By Carl E. Dutton, Ranger Naturalist
On the west rim of Crater Lake there are two very conspicuous peaks known as The Watchman, and Hillman Peak. The Watchman is well known to visitors at Crater Lake because of its accessibility and the presence of a fire-lookout at its summit from which sunsets are especially attractive. The jagged form of Hillman Peak, a short distance north of The Watchman, rises 1979 feet above the surface of Crater Lake. It is the highest point on the crater rim. Viewed from The Watchman, the layers of volcanic material in Hillman Peak are inclined southwestward at such a steep angle as to produce a conspicuously abnormal relationship as compared to the gently inclined layers of the (ancient) volcanic mountain which existed before the formation of the present crater. The reason for the steeply inclined layers of Hillman Peak is not entirely apparent when viewed from The Watchman.
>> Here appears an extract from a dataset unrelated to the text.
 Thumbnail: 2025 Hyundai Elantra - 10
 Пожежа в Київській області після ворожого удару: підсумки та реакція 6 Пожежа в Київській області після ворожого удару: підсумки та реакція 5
From a point on the rim just north Hillman Peak one may obtain a rather diagrammatic east-west cross section of the crater wall below the peak. This view reveals that the upper portion of the peak is composed of layers of lava and fragmental material which are inclined westward at an angle of 35 degrees from the horizontal. Below a succession of such layers there is an area of cinder material which is well stratified, the beds dipping westward only 20 degrees. Toward the crater wall the cinder layers terminate abruptly against a mass of rock and rock fragments.
When Hillman Peak and the crater wall below the peak are studied from Wizard Island to the east, or even from the Sinnott Memorial to the southeast, the interruption of the normal volcanic sequence is very apparent. The normal succession of approximately horizontal layers of lava and fragmental material extends upward from the lake through about half of the crater wall. The layers of lava and fragmental material in the adjacent and upper half of the crater wall are interrupted below Hillman Peak by a triangular mass resembling the cross section of a cone whose apex is upward and whose sides include an angle of approximately 90 degrees. The edges of the layers of lava and fragments adjacent to the triangular mass turn up and overlap on the sides of the triangular area. Close examination revealed that the triangular mass is the same as the cinder mass described from a point on the rim just north of the peak, the view from the north presenting an east-west cross section while the view from the east or southeast presenting essentially a north-south cross section. The sketch accompanying this article shows Hillman Peak and the crater wall below the peak as seen from the Sinnott Memorial, southeast of the peak. Viewed from the east or southeast, spires of massive rock are seen in almost a central position in relation to the triangular cinder area. These masses of rock are the same ones against which the edges of the cinder material terminate as previously described.
From these observations it may be concluded that the materials and the structures are indicative of a secondary cone on the slopes of the ancient volcanic mountain which existed before the formation of the crater now occupied by Crater Lake. The overlap of the layers of lava and fragmental material on the slopes of the cinder cone show that they successively surrounded the subsidiary cone and were influenced by its position and form. At least a portion of the elevated character of Hillman Peak is caused by the accumulation of materials about a subsidiary vent on the western slope of the ancient mountain. In addition to these features, the colors of the rock in the crater wall below Hillman Peak are most likely the result of alteration produced by the escape of gases and solutions along fractures in the vicinity of the conduit as it became plugged with solidifying lava which one sees today as the spires of rock at the center of the cinder cone.